Pero si traía a colación esa cita, es por su referencia a la madre. En la reseñada película, las madres adquieren especial protagonismo, motivando los pasos de sus dos personajes principales: la niña Noodle y el propio Willy Wonka. Este particular chocolatero acude a las Galerías Gourmet a batallar sus propósitos. Lleva en la cabeza el mensaje de su progenitora, que le había confiado el secreto para realizar un chocolate inolvidable: "Todo lo bueno que hay en este mundo empezó con un sueño. Así que aférrate al tuyo. Y cuando al mundo le ofrezcas tu chocolate, yo estaré ahí".
En segundo lugar, quiero aludir a un tuit que escribió Mavi M. Águila en 2019. En él plasma una experiencia real, vivida en primera persona: “Tu madre debe estar muy contenta de tener una hija como tú, dijo. Y es lo más bonito que me ha dicho nunca nadie. Mi madre, con su memoria en blanco, reconocía mi amor y dedicación. Yo le respondí que sí, que lo estaba. Y le di un beso”. Ya ven. En ese breve diálogo, en esa homeopática dosis de palabras, cabe un todo: el recíproco cariño entre una hija y una madre, cuando la madre ya no sabe quién, pero la madre sí distingue el cómo.
A continuación me referiré a Alejandro Pedregosa.
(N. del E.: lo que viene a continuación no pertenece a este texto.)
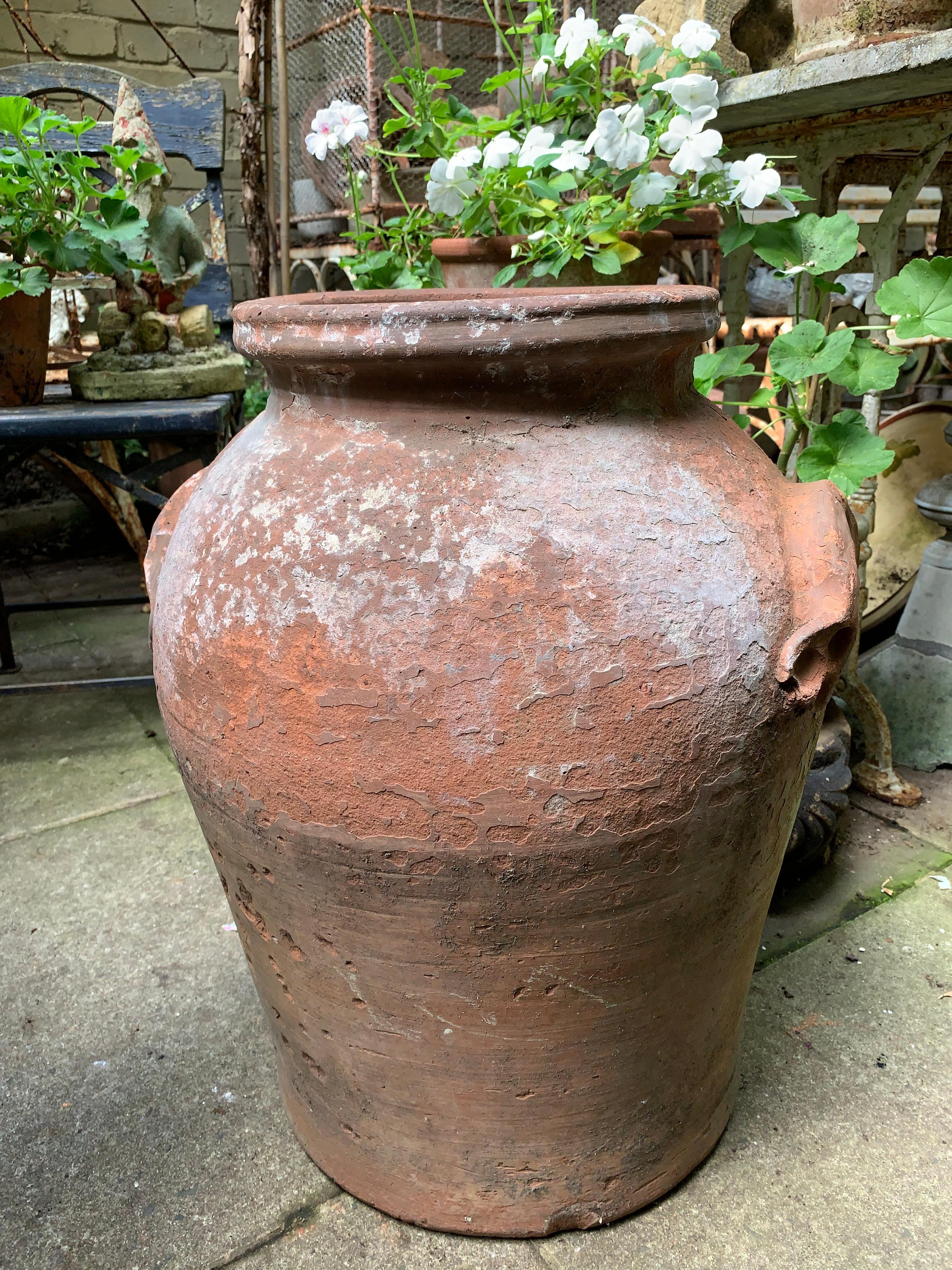 Vaso in terracotta cinese del XIX secolo di colore caldo e scuro.
In un ottimo stato di degrado e forse in origine per la conservazione dell'acqua.
Può essere utilizzato sia per gli interni che per gli esterni e si integra bene sia in un ambiente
Conocí su poema 'Vara de medir' a partir de Raquel Martínez, que le puso voz, y en aquellos versos de Pedregosa se contempla a una madre que va tomando referencia de la altura de su hijo: “Contaba el niño seis años/ y la madre lo medía con su cuerpo: 'hasta aquí' decía sonriendo/ -al corazón le llegaba- (…)”. Y según va pasando el tiempo, aquel niño prosigue su crecimiento, y alcanza después los hombros, y supera luego la cabeza. Eso sí: aquel chiquillo tiene una seguridad: “(…) la certeza de nunca/ haber llegado más alto/ que al corazón de la madre”. Imposible negar esa evidencia, ¿no les parece? Por mucho que se crezca, por mucho incluso que se escale, no hay mayor ochomil, que esa inmensa cima del corazón materno.
Y acabo con un cuarto retazo que me brinda Julio Cortázar. En 'Bolero', el escritor argentino no estaba aludiendo al amor filial, pero estos versos bien sirven para ilustrar lo que tantas madres son para sus criaturas: “Siempre fuiste mi espejo,/ quiero decir que para verme tenía que/ mirarte”. Desde Nuria Quintana en adelante, dentro de un inagotable listado, tengo el privilegio de conocer a muchas madres que son “espejo”, que serán siempre “espejo”.
Algunas son y también están. Algunas ya no están, pero desde luego que son. Algunas siguen siendo, aunque el infortunio desplegase la más amarga de sus desdichas. En una u otra circunstancia, bajo una u otra condición, madres que persisten en su ejemplo, madres de las que siempre aprender. Así que felicitación, reconocimiento y gratitud a todas ellas. De cara al próximo domingo, y de cara a cualquier ocasión… de cada uno de los días. Es de justicia.